Exercise goal:
Among the entries below, copy only the span from the line containing "Well, I hope" through the line containing "After skincare, she". Do so exactly, and skip the pictures.

The data:
= = = =

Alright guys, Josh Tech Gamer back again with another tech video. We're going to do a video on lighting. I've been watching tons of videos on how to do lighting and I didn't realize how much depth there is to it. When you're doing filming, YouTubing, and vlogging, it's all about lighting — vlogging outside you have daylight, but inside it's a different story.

= = = =

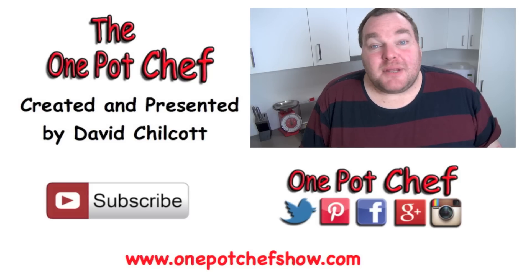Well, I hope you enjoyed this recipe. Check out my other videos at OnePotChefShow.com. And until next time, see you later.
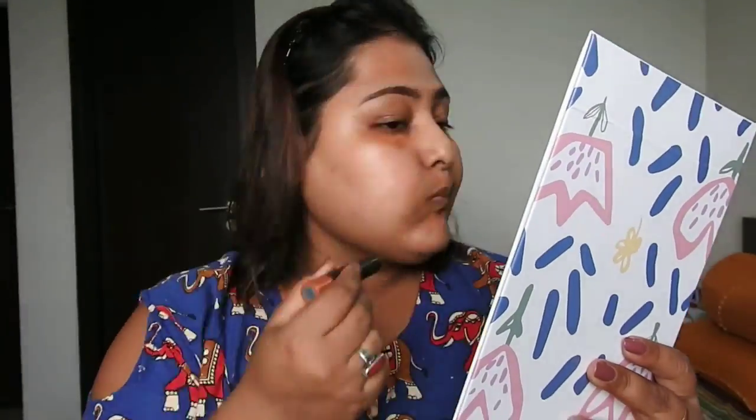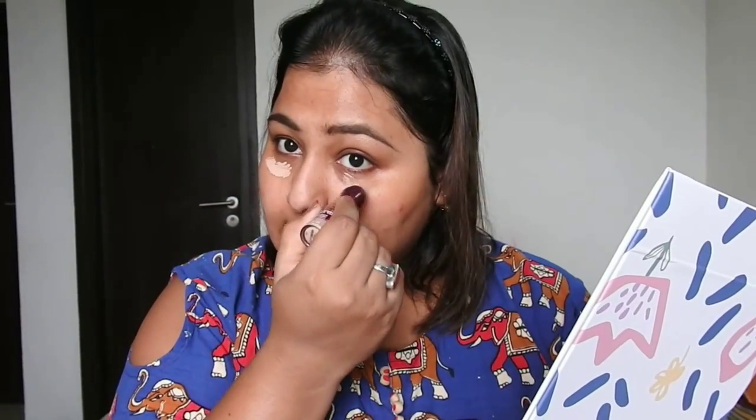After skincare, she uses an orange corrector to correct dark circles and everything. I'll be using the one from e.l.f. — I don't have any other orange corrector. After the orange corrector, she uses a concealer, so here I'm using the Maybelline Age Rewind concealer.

= = = =

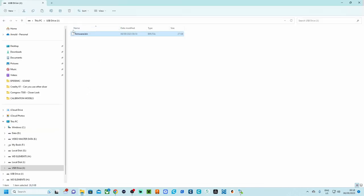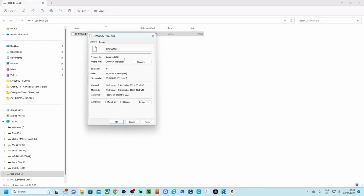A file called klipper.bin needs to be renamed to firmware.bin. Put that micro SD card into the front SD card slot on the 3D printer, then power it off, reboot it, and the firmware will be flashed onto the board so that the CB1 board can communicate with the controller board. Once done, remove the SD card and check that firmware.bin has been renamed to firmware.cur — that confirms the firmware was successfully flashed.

= = = =

Completed exercise:
Well, I hope you enjoyed this recipe. Check out my other videos at OnePotChefShow.com. And until next time, see you later.
After skincare, she uses an orange corrector to correct dark circles and everything. I'll be using the one from e.l.f. — I don't have any other orange corrector. After the orange corrector, she uses a concealer, so here I'm using the Maybelline Age Rewind concealer.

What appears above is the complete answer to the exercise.